And the unguarded interest in his eyes, the tilt of his head, the boyish freckles on his face and the broadness of his shoulders, turned the ache in Lukas’s chest from hope to love.

Then, because fate was cruel and had no good intentions for Lukas, his worn, waterlogged leather shoes split open to reveal one of his toes. Within seconds Lukas saw himself as Mathias must surely see him: drenched and hungry and too short for his age and an outcast not worth talking to.

“I’m…fine,” said Lukas unconvincingly, shifting his balance to hide the protruding toe. Water was dripping in his eyes. At least Mathias had a cloak. “Emil is fine. Due to start school soon.”

“And you’re finished, I guess,” said Mathias with a softening grin. “I, uh, I guess you had your hands full, huh? Since you had to learn two different trades.”

Despite his shame and his need to get somewhere dry, Lukas had to know. “What’s your trade, then?”

“Oh. Uh, I’m working on it. Trying to sell wooden figurines around the villages. In the meantime, I’m farming and doing some fixing.”
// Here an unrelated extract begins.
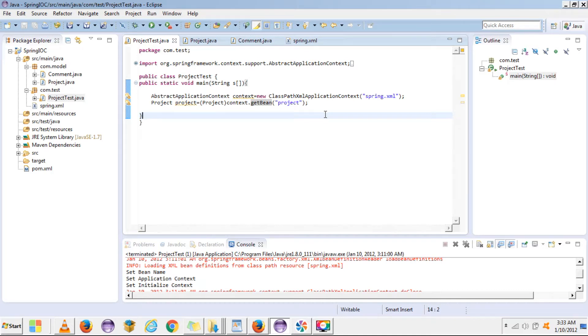Hi, welcome to this tutorial series on Spring IOC. This video is about bean life cycle, which is actually a very important concept of Spring IOC.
Lukas could see it in the ropy muscles of his arms. Mathias had no siblings, this he knew. Everything he grew, he ate himself. And the sturdiness of his hands definitely—

Lukas had to stop this.

“Well,” said Lukas. “It’s good to see you.” He turned to leave.

“Wait!”

Lukas froze. He pressed his lips together, and turned back.

“Er…ah, do you want to visit? Sometime?” For the first time since this conversation started, Mathias looked unsure. After a moment, he bit his lip. “It’s been ages, Lukas. I wanted to visit you, really.”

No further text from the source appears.